You will also need to think carefully if you plan to add a cooling system. Radiant cooling should be installed in the ceiling, so you may want to further restrict partial installations to account for this fact.
Remember, a radiant floor heating system can be used to augment or replace an existing HVAC system, but it’s far more complicated than swapping out a furnace, so plan any partial coverage carefully.
Best Flooring for Radiant Heat
The type of flooring you use will have a major effect on the efficiency of your new radiant floor heating system. Thankfully, you have a few options.
Porcelain or Ceramic Tile
Tile is perhaps the most popular solution, boasting a high heat conduction rate and the ability to continue radiating stored heat in addition to what’s held in the underlying surface.

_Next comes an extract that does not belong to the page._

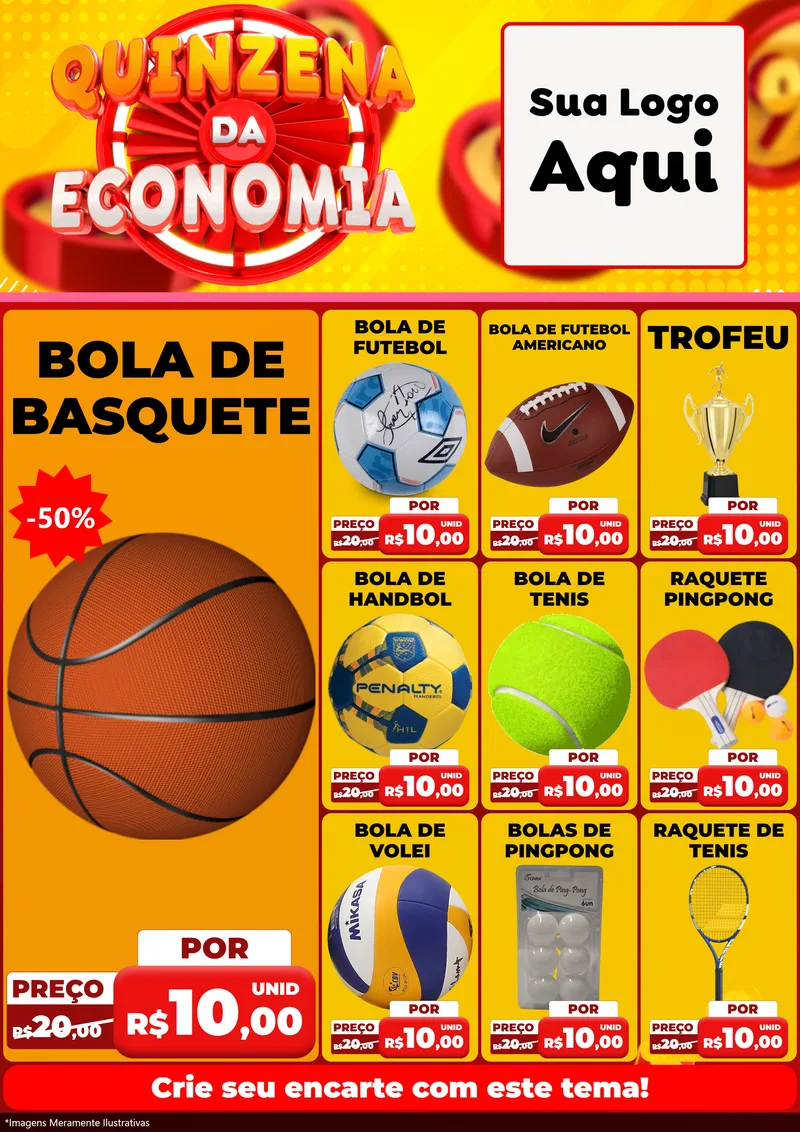 Modelo de Encarte para Encarte A4 Vertical com o tema Quinzena Da Economia para Artigos Esportivos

Right alongside tile are natural stone. Stone tiles work very similar to ceramic and work well in conjunction with the material beneath.
Laminate floors are also an excellent match, although you will want to pay attention to any heating restrictions by the manufacturer, since water damage from below can ruin laminate easily. As most manufacturers have a limit as high as 85 degrees Fahrenheit, it’s pretty hard to hit those restrictions.
Wood flooring suffers from reduced efficiency, but can still be used. It’s best to go with engineered wood flooring, as the underlying plywood is less likely to warp. Solid hardwood should be quarter-sawn for improved flexibility and to accommodate any thermal expansion.
In both cases, the floor will take longer to warm up and won’t hold the heat nearly as well as with other materials.
Worst Flooring for Radiant Heating
Conversely, we have several types of flooring that can negate the effectiveness of your new heating system.
The biggest culprit is carpeting, which is designed to absorb heat but has terrible conductivity.
Similarly, concrete actually defeats itself when used as the main floor covering. Radiant systems rely upon layered flooring to help distribute and store heat. Without a higher layer of different material, the concrete loses most of its efficiency.
While not commonly used, rubber flooring is another terrible choice, as it will give off an unpleasant odor due to the heat.